Während die geplante Umstrukturierung vielen sinnvoll erscheint, sind auch Skeptiker unterwegs. Nicht viele trauen sich, offen zu reden. Zu groß ist die Angst, als Nörgler aufzufallen. Ziegenhagen aber ist mutig. Die Transformation, sagt er, sei nötig, um "überlebensfähig" zu sein. Er fordert aber auch "großzügigen Freiraum" für die 20-Uhr-Ausgabe: "Sie war bisher nicht Teil einer Fließbandproduktion und sollte es auch nie werden."
Gniffke nimmt den Bedenkenträgern vorläufig den Wind aus den Segeln - und klammert die "20 Uhr" von dem Feldversuch aus. Zu dem Modell will er sich nicht äußern, erst den Test abwarten. Zur "20 Uhr", die als einzige deutsche Nachrichtensendung nicht moderiert wird, sagt Gniffke: "Der ,Mythos 20 Uhr', der vor allem mit dem Lesen der Meldungen vom Blatt zu tun hat, lebt - und ich will alles dafür tun, dass dies so lange wie möglich so bleibt."
Deshalb nimmt Gniffke die Hauptausgabe mit oft mehr als zehn Millionen Zuschauern auch von einem anderen Projekt aus: der Planung seines neuen Studios, mit dem man technisch zu RTL und ZDF aufschließen will. Von 2012 an sollen "Tagesschau"-Moderatoren sowohl auf ihrem Tisch als auch im Studiohintergrund Dinge mit ihren Fingern steuern können. Nur in der "20 Uhr" sollen interaktive und 3-D-Elemente weiterhin tabu sein.
Auch das Studio spaltet. Claus-Erich Boetzkes, der die Nachmittagsausgaben der "Tagesschau" moderiert, ist für Interaktivität. Er erinnert sich an 2004, als im russischen Beslan Terroristen mehr als eintausend Geiseln nahmen. "Damals gab es keine brauchbaren Bilder, weil die Teams nicht dicht genug an das Geschehen rankamen", sagt Boetzkes. Aus Berichten von Augenzeugen und Polizei habe man allerdings gewusst, wie die Lage vor Ort aussah. "Daraus hätte ein Modell entwickelt werden können, an dem ein Moderator die Lage hätte erklären können."

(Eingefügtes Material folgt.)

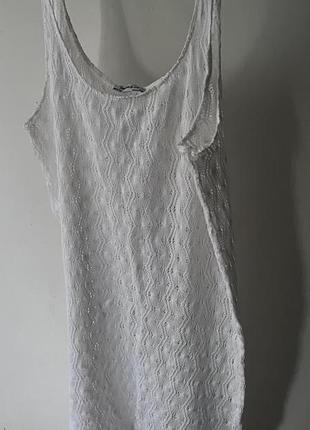 Біла мереживна сукня зара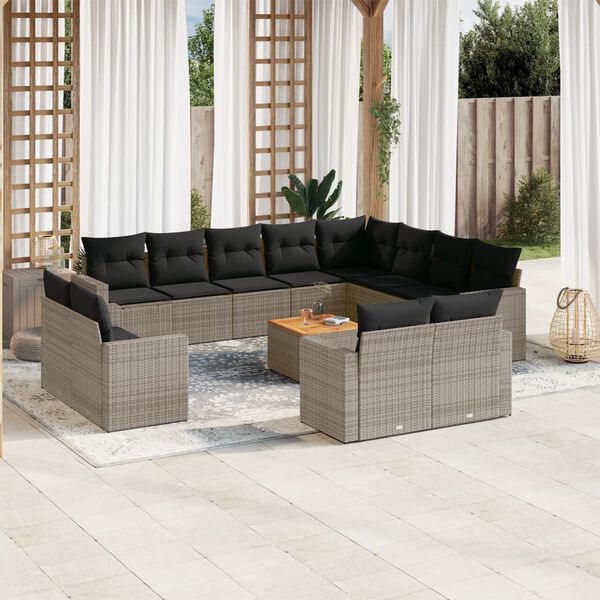 vidaXL Garden Sofa Set Grey PE rattan Large Adjustable Feet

Solche Momente gebe es zwar nicht häufig, sagt Boetzkes - "aber wenn, dann ist diese Technik optimal, um dem Zuschauer Dinge nahezubringen, die bisher nur schwer zu erklären waren." Und wieder gibt der Chef vom Dienst der biedereren Hauptausgabe den Kritiker. "Man muss doch nicht immer alles machen, was technisch möglich ist", sagt Ziegenhagen: "Tun es nicht auch solide Nachrichtenfilme?"